● Records from a data collection
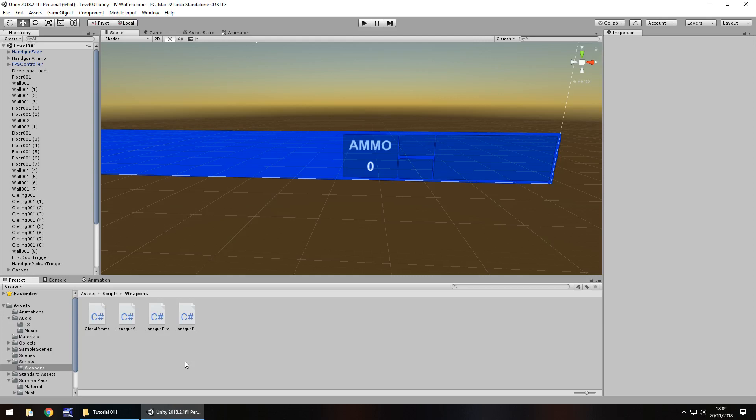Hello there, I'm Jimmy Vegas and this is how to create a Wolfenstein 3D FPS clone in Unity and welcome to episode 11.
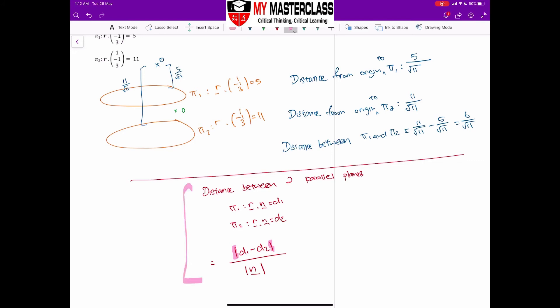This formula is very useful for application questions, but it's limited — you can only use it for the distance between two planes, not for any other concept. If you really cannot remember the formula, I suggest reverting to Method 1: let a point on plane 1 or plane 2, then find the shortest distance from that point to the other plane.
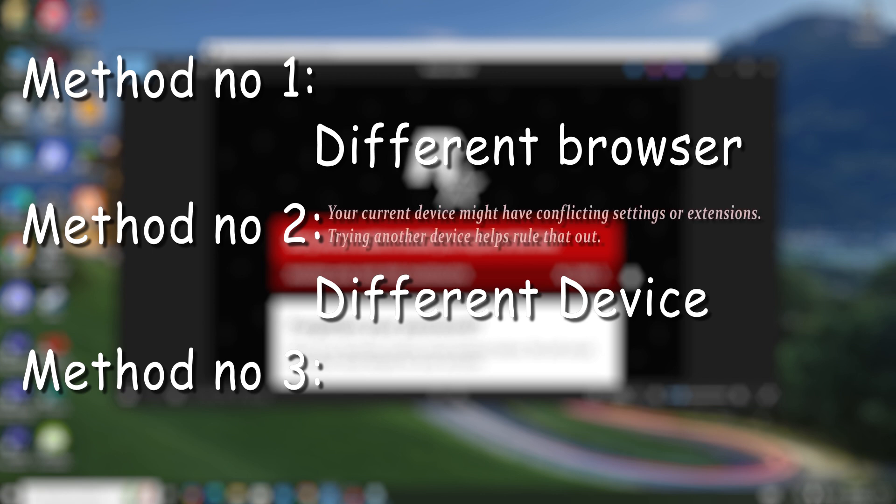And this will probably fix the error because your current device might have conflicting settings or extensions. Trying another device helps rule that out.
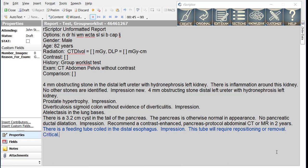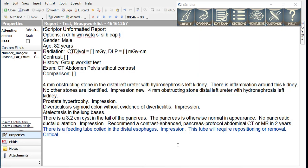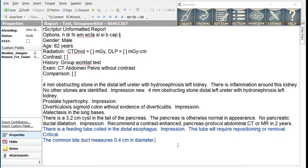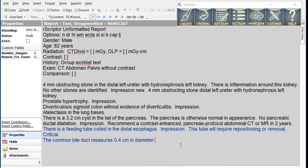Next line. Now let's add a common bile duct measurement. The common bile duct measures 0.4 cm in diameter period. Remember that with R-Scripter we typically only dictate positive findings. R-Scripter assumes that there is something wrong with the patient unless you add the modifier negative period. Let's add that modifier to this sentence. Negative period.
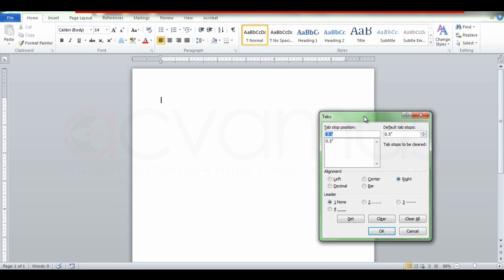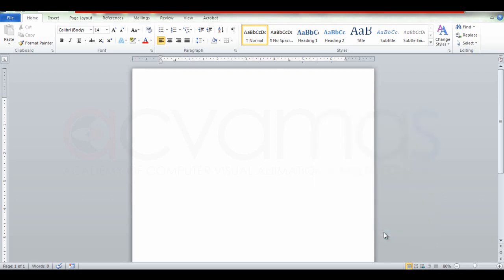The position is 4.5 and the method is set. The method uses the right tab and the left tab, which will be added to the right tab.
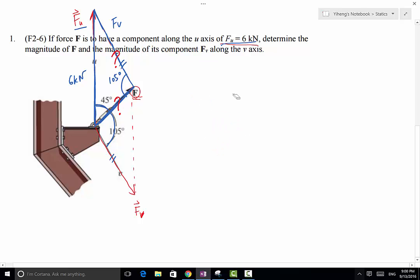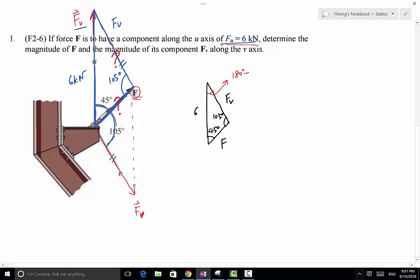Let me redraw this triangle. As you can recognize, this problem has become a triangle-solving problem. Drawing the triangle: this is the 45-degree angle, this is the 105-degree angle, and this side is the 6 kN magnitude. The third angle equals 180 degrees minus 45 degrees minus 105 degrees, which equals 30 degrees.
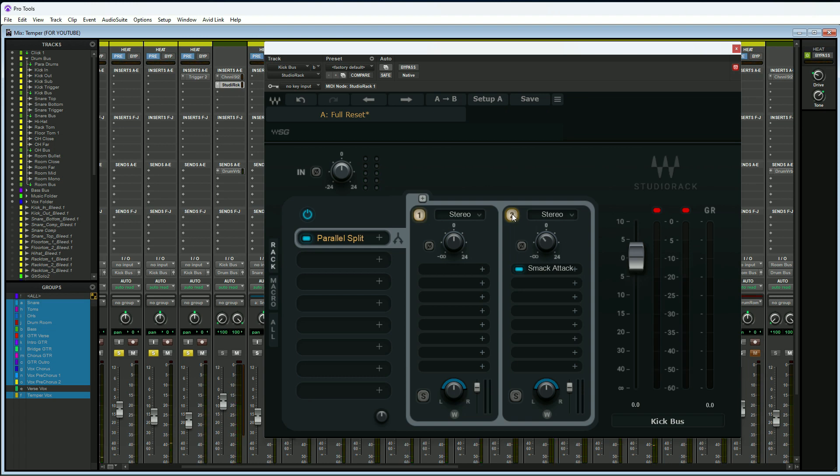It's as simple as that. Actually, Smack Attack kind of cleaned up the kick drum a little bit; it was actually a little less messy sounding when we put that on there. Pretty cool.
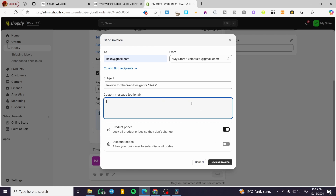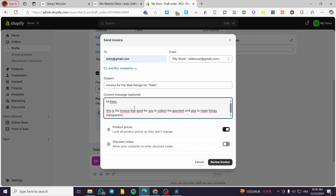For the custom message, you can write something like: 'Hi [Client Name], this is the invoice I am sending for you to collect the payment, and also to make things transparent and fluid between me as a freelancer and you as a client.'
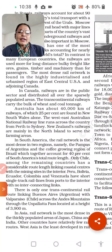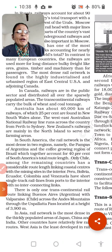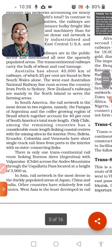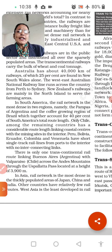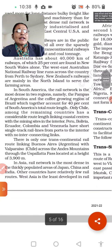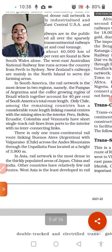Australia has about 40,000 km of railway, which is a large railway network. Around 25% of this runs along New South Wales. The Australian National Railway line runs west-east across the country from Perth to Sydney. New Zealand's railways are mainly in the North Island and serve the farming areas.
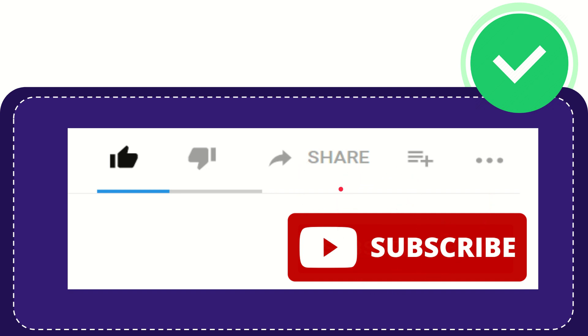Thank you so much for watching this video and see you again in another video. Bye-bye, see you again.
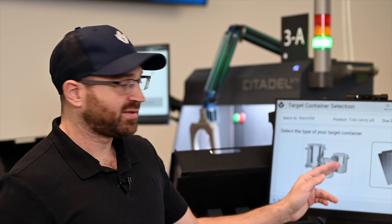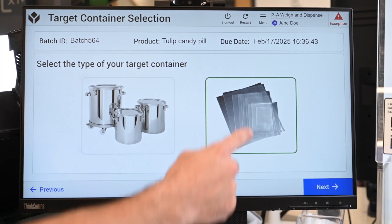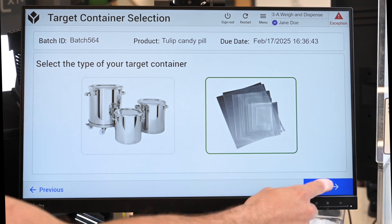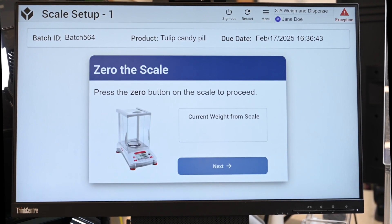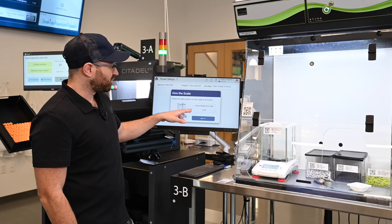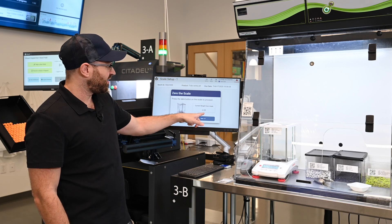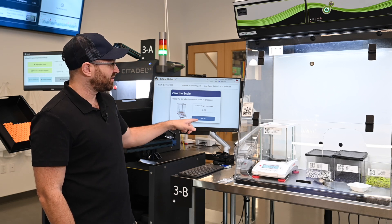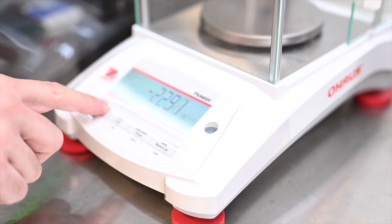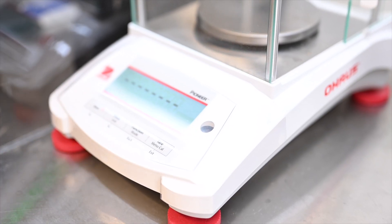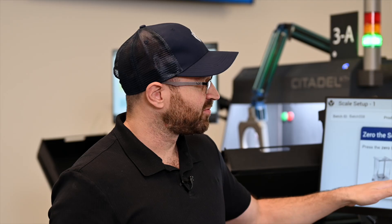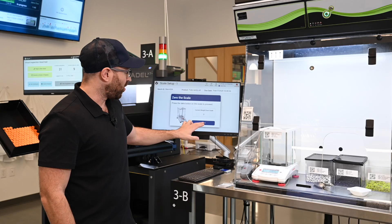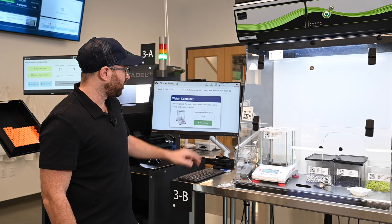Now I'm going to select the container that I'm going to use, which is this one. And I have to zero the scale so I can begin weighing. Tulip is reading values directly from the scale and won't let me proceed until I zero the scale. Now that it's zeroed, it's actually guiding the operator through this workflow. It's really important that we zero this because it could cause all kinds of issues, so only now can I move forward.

● Required work
Only the entries themselves should be output, word for word, with all pictures omitted.

● Exercise result
Hello there, I'm Jimmy Vegas and this is how to create a Wolfenstein 3D FPS clone in Unity and welcome to episode 11.
This formula is very useful for application questions, but it's limited — you can only use it for the distance between two planes, not for any other concept. If you really cannot remember the formula, I suggest reverting to Method 1: let a point on plane 1 or plane 2, then find the shortest distance from that point to the other plane.
And this will probably fix the error because your current device might have conflicting settings or extensions. Trying another device helps rule that out.
Next line. Now let's add a common bile duct measurement. The common bile duct measures 0.4 cm in diameter period. Remember that with R-Scripter we typically only dictate positive findings. R-Scripter assumes that there is something wrong with the patient unless you add the modifier negative period. Let's add that modifier to this sentence. Negative period.
The position is 4.5 and the method is set. The method uses the right tab and the left tab, which will be added to the right tab.
Let me redraw this triangle. As you can recognize, this problem has become a triangle-solving problem. Drawing the triangle: this is the 45-degree angle, this is the 105-degree angle, and this side is the 6 kN magnitude. The third angle equals 180 degrees minus 45 degrees minus 105 degrees, which equals 30 degrees.
It's as simple as that. Actually, Smack Attack kind of cleaned up the kick drum a little bit; it was actually a little less messy sounding when we put that on there. Pretty cool.
For the custom message, you can write something like: 'Hi [Client Name], this is the invoice I am sending for you to collect the payment, and also to make things transparent and fluid between me as a freelancer and you as a client.'
Australia has about 40,000 km of railway, which is a large railway network. Around 25% of this runs along New South Wales. The Australian National Railway line runs west-east across the country from Perth to Sydney. New Zealand's railways are mainly in the North Island and serve the farming areas.
Thank you so much for watching this video and see you again in another video. Bye-bye, see you again.
Now I'm going to select the container that I'm going to use, which is this one. And I have to zero the scale so I can begin weighing. Tulip is reading values directly from the scale and won't let me proceed until I zero the scale. Now that it's zeroed, it's actually guiding the operator through this workflow. It's really important that we zero this because it could cause all kinds of issues, so only now can I move forward.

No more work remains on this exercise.